Baku, Azerbaijan, Feb. 14
By Fakhri Vakilov – Trend:
Uzbekistan has posted for the first time in its history two tranches of Eurobonds with a combined value of $1 billion, Trend reports with reference to the Uzbek Ministry of Finance.
The yield of 5-year securities in the amount of $500 million will be 4.75 percent per annum, and the yield of 10-year securities in the amount of $500 million will be 5.375 percent.
The maturity dates of the bonds are set for 2024 and 2029.
Investor demand exceeded the placement almost four times and reached $3.8 billion from about 150 institutional investors. This made it possible to lower the yield benchmarks from 5.625–5.75 percent and 6 per annum to 4.75 percent and 5.375 percent per annum, respectively.
Most of the 5-year and 10-year bonds were bought by investors from the UK - 39 and 32 percent, respectively, while American investors bought 23 and 31 percent, continental European investors bought 32 and 27 percent, Asia, the Middle East and North Africa investors bought 6 and 10 percent.
The main buyers of Eurobonds were fund managers - 75 and 78 percent, insurance companies and pension funds - 20 and 16 percent, while banks and private banks bought 5 and 6 percent.
“The success of the debut issue of Eurobonds reflects investors’ confidence in the solid economic foundations of Uzbekistan, the progress of reforms and the debt management strategy,” the London Stock Exchange said.

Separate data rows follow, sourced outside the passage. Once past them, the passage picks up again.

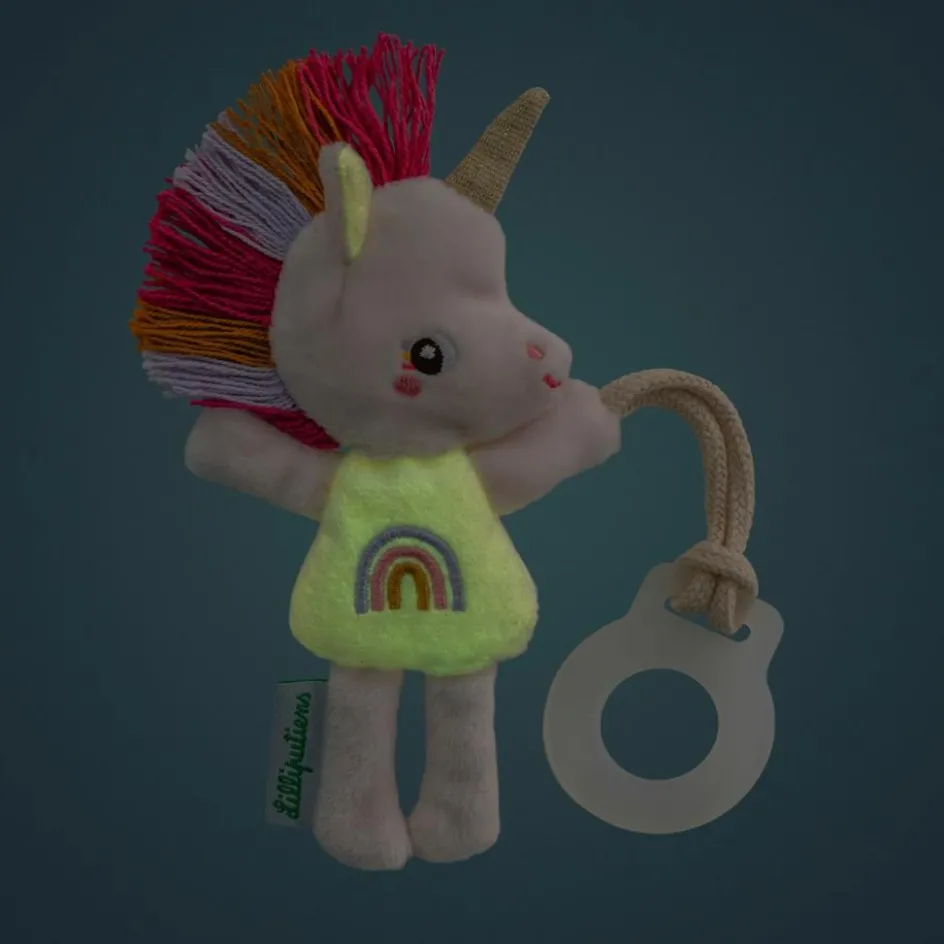 Hot Lilliputiens Doudou attache sucette Lena Mini ami de la nuit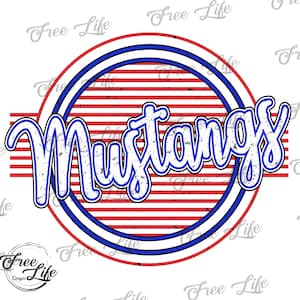 Mustangs PNG Download, Mustangs School Mascot Png, Red and Blue Mustangs Digital Art Download, Mustangs Download, Mustangs Mom Digital Png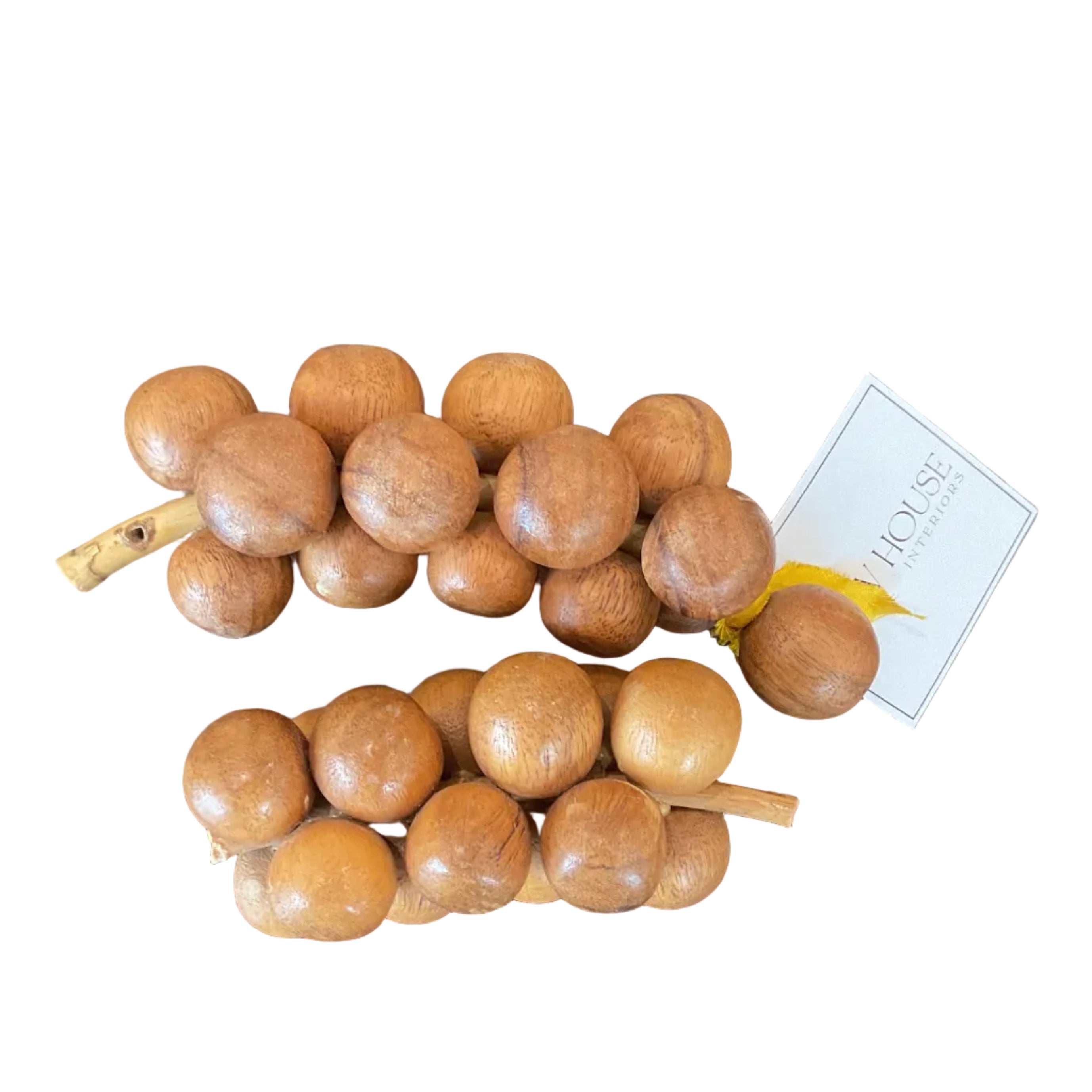 Pair of Vintage Wood Grapes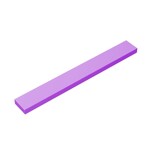 Tile 1 x 8 with Groove #4162 - 324-Medium Lavender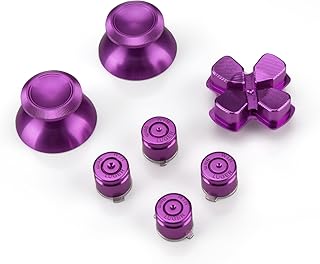 OKCS Button für Playstation 4 Dualshock 4 Controller - Aluminium Buttons - Ersatzteile Thumbsticks Tasten Steuerkreuz PS4 in Lila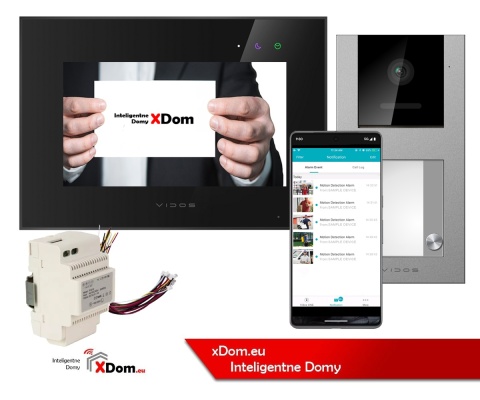 Zestaw wideodomofonowy Vidos czytnik RFID S11-1 monitor M10B-X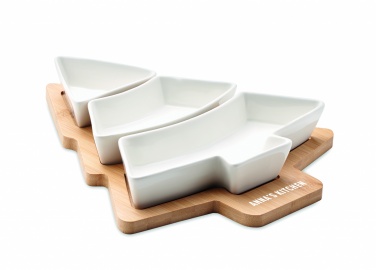 Logo trade promotional items picture of: Christmas tree serving tray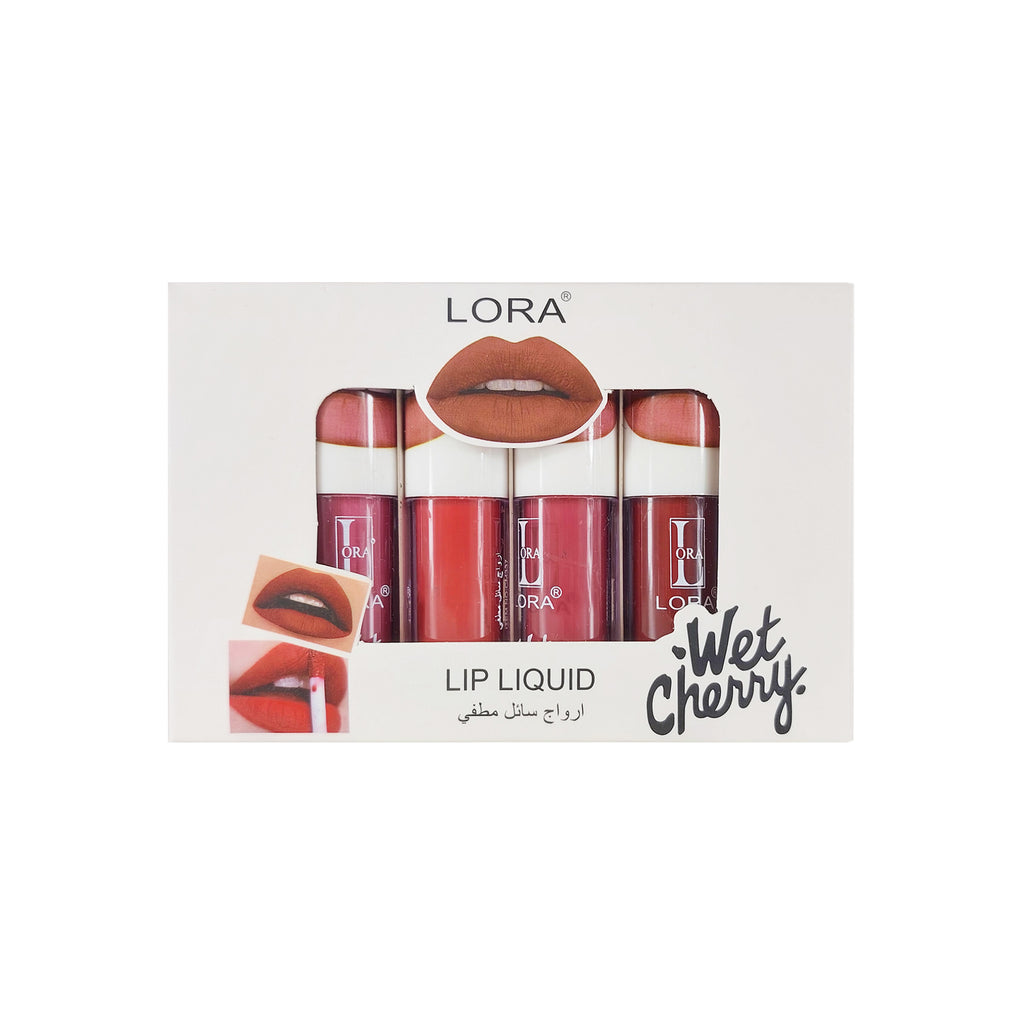 Lora Lip Liquid Set - 12pcs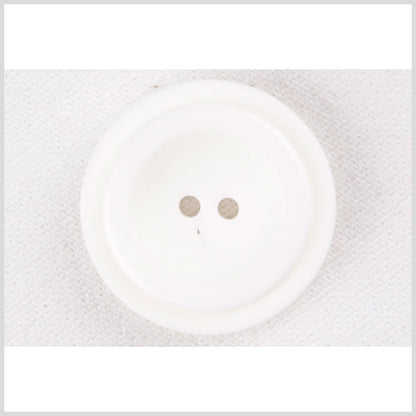 White Plastic Button - 55L/35mm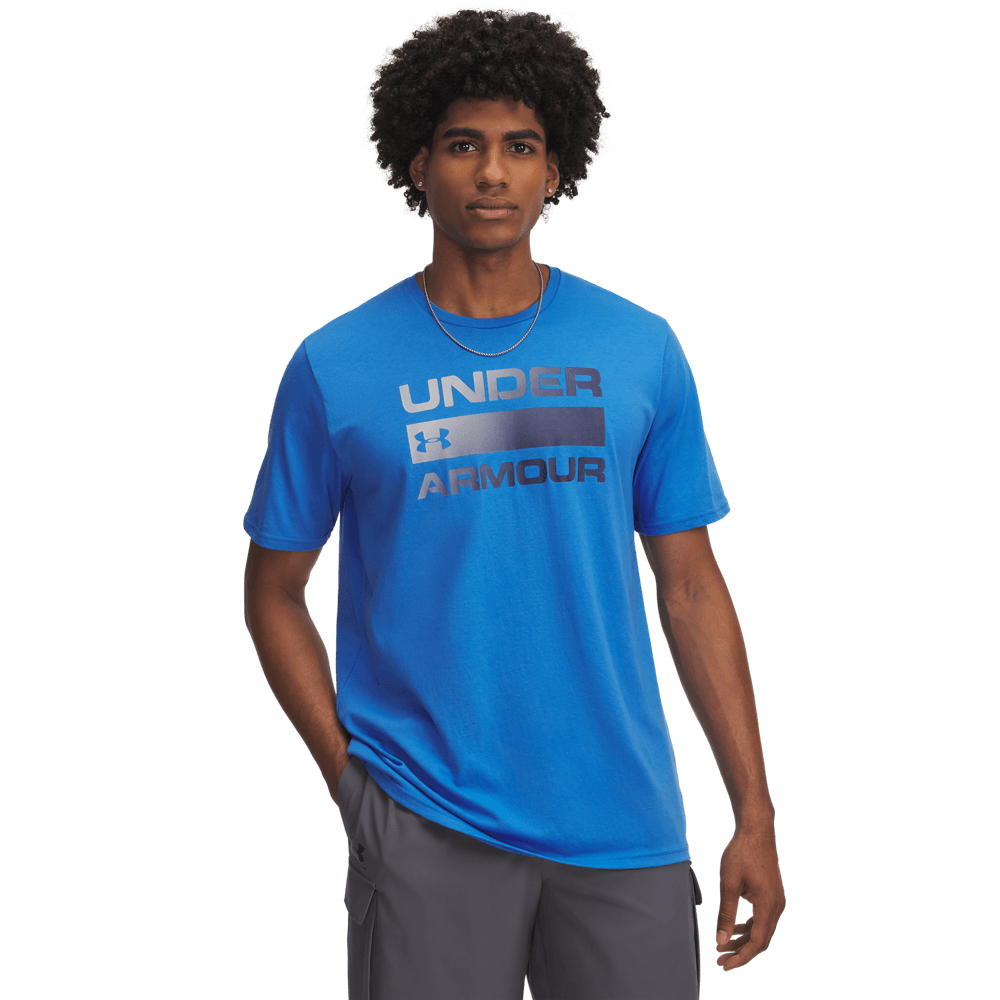 UA Team Issue Wordmark Ss Camiseta Manga Corta azul de hombre lifestyle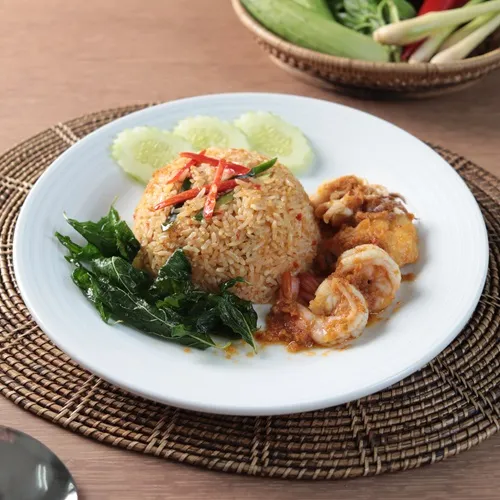 ข้าวผัดโป๊ะแตกกุ้ง
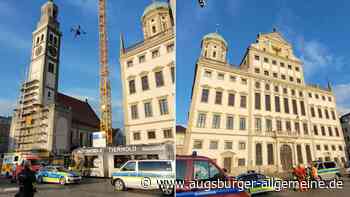 Großeinsatz weckt Erinnerung an Tragödie: War die Person auf dem Rathausdach erfunden?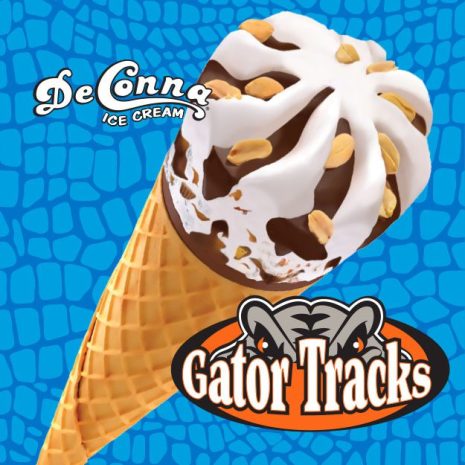 Gator Track Ice Cream Cone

Bloomberg noted that the debut placement of Eurobonds opens up the economy of Uzbekistan for foreign investments after more than two decades of isolation.
Also, the Minister of Finance Jamshid Kuchkarov said Uzbekistan is planning another Eurobond placement in 2020.
Uzbekistan held meetings with investors in New York, Boston and London on the placement of Eurobonds from February 7 to 12.
The placement was organized by J.P. Morgan, Citi and Gazprombank.